Data provided:
- - - -

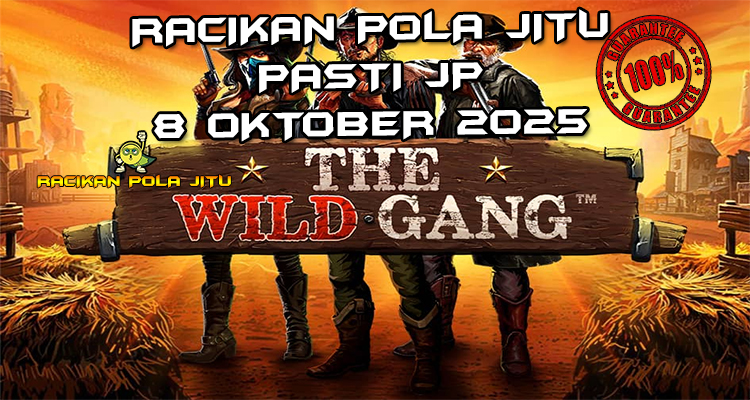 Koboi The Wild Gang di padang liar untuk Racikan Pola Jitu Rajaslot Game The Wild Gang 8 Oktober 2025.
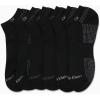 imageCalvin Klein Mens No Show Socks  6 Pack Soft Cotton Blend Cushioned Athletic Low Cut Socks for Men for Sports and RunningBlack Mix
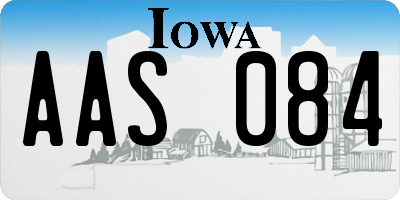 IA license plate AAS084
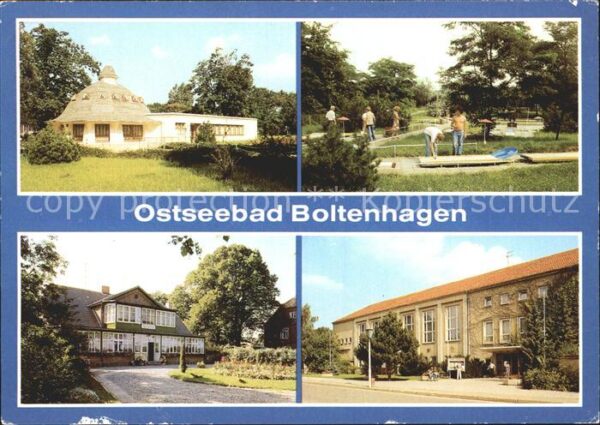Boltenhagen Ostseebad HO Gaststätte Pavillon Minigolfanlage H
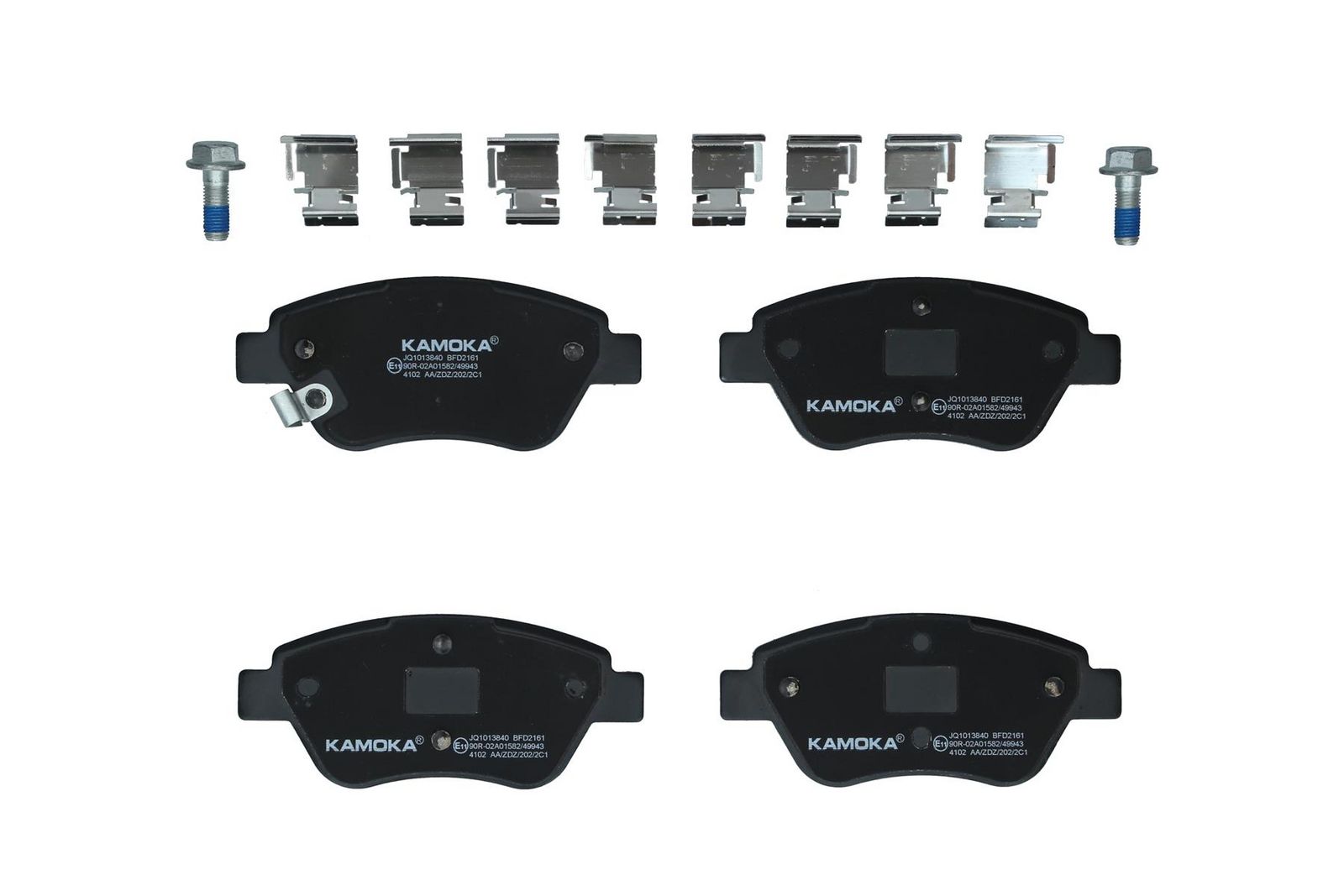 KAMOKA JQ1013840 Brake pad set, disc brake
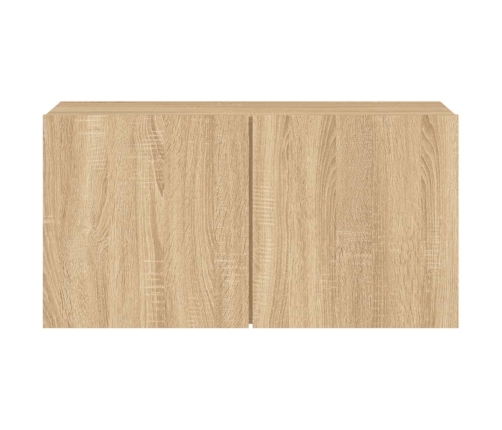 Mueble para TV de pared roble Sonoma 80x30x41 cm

- - - -

Exercise details: With the pictures left out, transcribe exactly the lines from the line holding "imageCalvin Klein Mens" through the closing line of the entries.

Answer below:
 imageCalvin Klein Mens No Show Socks  6 Pack Soft Cotton Blend Cushioned Athletic Low Cut Socks for Men for Sports and RunningBlack Mix
 IA license plate AAS084
Boltenhagen Ostseebad HO Gaststätte Pavillon Minigolfanlage H
 KAMOKA JQ1013840 Brake pad set, disc brake
 Mueble para TV de pared roble Sonoma 80x30x41 cm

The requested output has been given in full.